Сам же вождь, пребывая, очевидно, в снисходительно-умиротворенном – по случаю дней кавказского отдохновения – настроении, возжелал, чтобы в этой дорожной акции разобрались не скорые на руку бериевские люди, а представители местной юстиции. «Разберитесь и примите справедливое решение. А о нашей встрече никто не должен знать», – наказал он абхазскому министру. И уходя, повторил:

– Справедливое решение. Основанное на законе… Кстати, а что за сверток у вас в руках, товарищ Ласурия?

– Да вот, белье, – смутился Шалва. – В баню как раз собирался…

– В баню? В ночной час? – ухмыльнулся в усы кремлевский самодержец, прекрасно, верно, поняв, о какой «бане» идет речь.

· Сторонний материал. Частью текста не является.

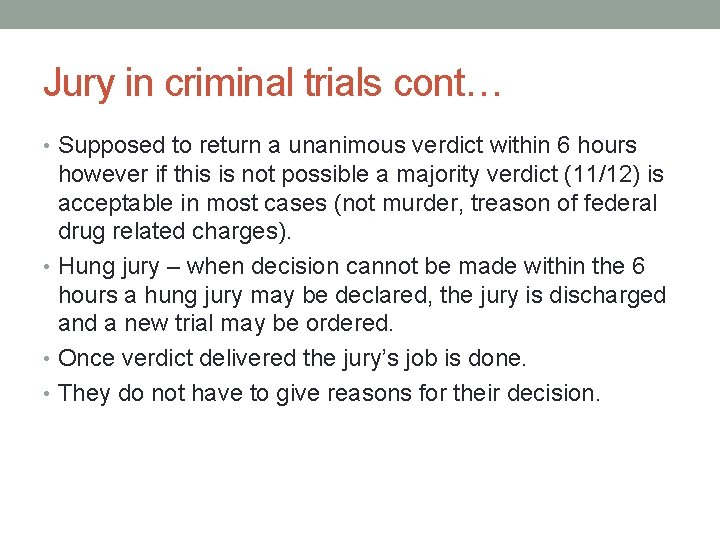 Jury in criminal trials cont… • Supposed to return a unanimous verdict within 6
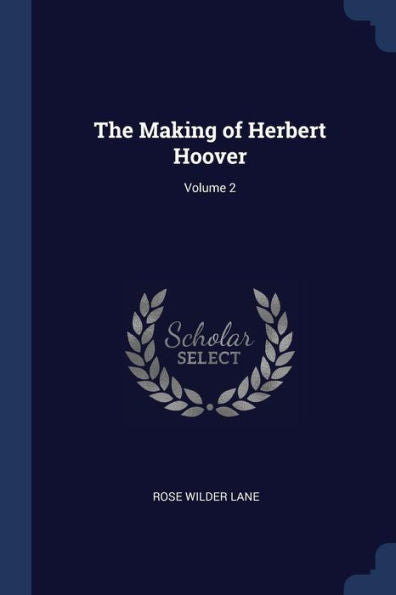 The Making Of Herbert Hoover; Volume 2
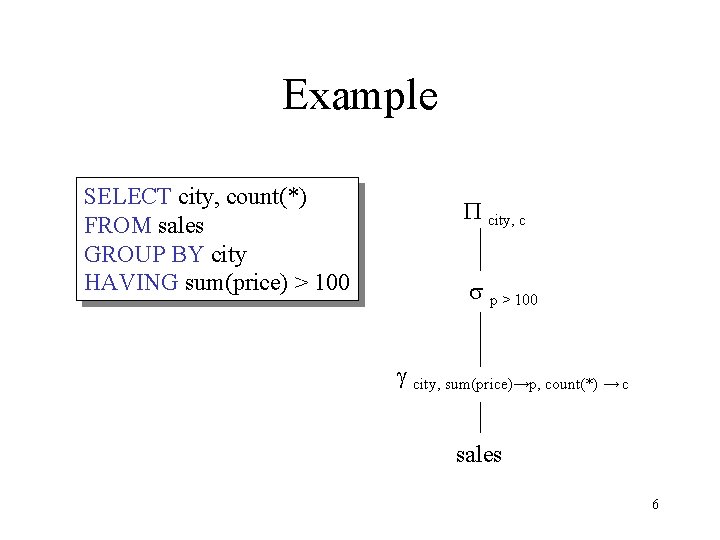 Example SELECT city, count(*) FROM sales GROUP BY city HAVING sum(price) > 100 P
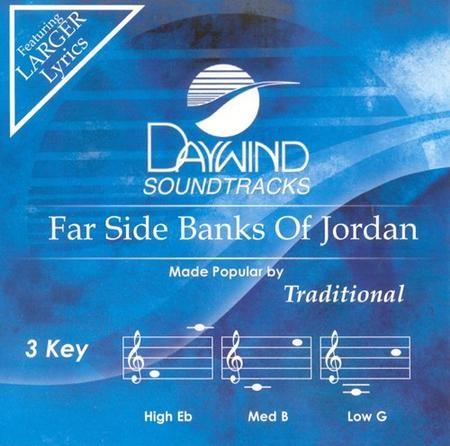 Far Side Banks of Jordan Accompaniment CD Traditional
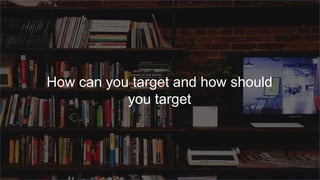 How can you target and how should
you target
 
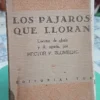 Los Pájaros Que Lloran - Héctor Pedro Blomberg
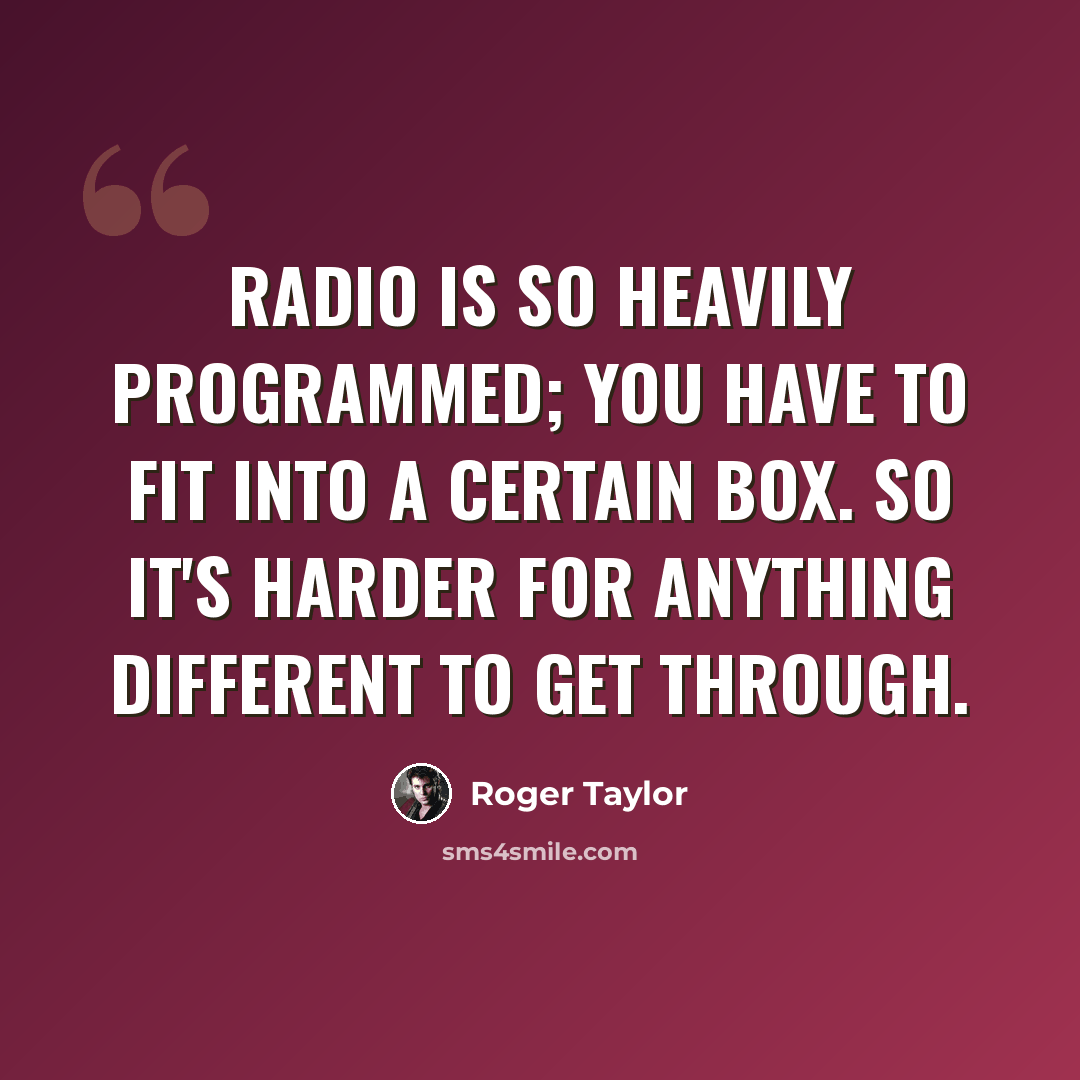 “Radio is so heavily programmed; you have to fit into a certain box. So it's harder for anything different to get through.” quote by Roger Taylor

Вернувшись домой и успокоив жену и детей, не чаявших вновь увидеть его, Шалва Едгиевич вызвал машину и поспешил в Дранду. И приказал срочно вызвать начальника тюрьмы. Когда он затребовал от того личное дело горемычного водителя, хозяин арестантского объекта, встав в позу, стал угрожать министру: мол, это секретное дело не в вашей компетенции и придется ему, дескать, звонить и в НКВД, и в обком… А потом осекся – потому что понял, в конце концов, что такая решительность и категоричность министра не случайны, не иначе за ним кто-то стоит…

Привели «злоумышленника». На нем лица не было – сплошная кровавая маска. Кому не известно было, как в спецподвалах выбивали «признательные» показания. Шалва Ласурия взял ручку и написал на обложке состряпанного дела: «Освободить ввиду отсутствия состава преступления» и заверил резолюцию министерской подписью. Тюремщики были в шоке. Застывшему на месте начальнику драндских застенков было наказано отпустить поутру арестованного. Нетрудно представить себе радостное состояние арестованного, который вдруг оказался на свободе и мог отметить новогодний праздник в кругу семьи.

В то же утро Шалва Едгиевич отправился на совещание в обком партии. И уловил на себе любопытствующие взгляды высокопоставленных чиновников, уже, очевидно, осведомленных о загадочном освобождении опасного арестанта. А потом министра юстиции вызвал к себе Мгеладзе. Обычно спесивый партийный лидер улыбнулся и лукаво спросил: «Шалва, где ты был этой ночью?» Близкий к сталинскому окружению тбилисский посланец Мгеладзе уже все хорошо знал. И все же Ласурия не отошел от прежней версии: «В баню ходил. Днем, вы знаете, некогда…» «Что ж, ты прав, – сказал, сохраняя улыбку, Мгеладзе. – Когда еще в баню ходить…»

И еще долгое время Шалва Едгиевич ощущал, что ответработники относятся к нему весьма осторожно; хотя они и не знали всей правды о той предновогодней ночи и не подозревали об аудиенции министра со Сталиным, на всякий случай проявляли преувеличенную вежливость и разговаривали с Шалвой почти льстивым тоном.

Сегодня трудно судить, почему надо было забирать Ш.Ласурия ночью из дома, а не вызвать его днем с работы… Может, потому, что для Сталина, как известно, был привычен стиль ночной работы? Так или иначе, что было, то было, и об этой неприятной предновогодней истории с Шалвой Едгиевичем, который вдруг оказался втянутым в неожиданный сюжет с едва ли не детективной линией, мне рассказал его сын – Вахтанг Ласурия.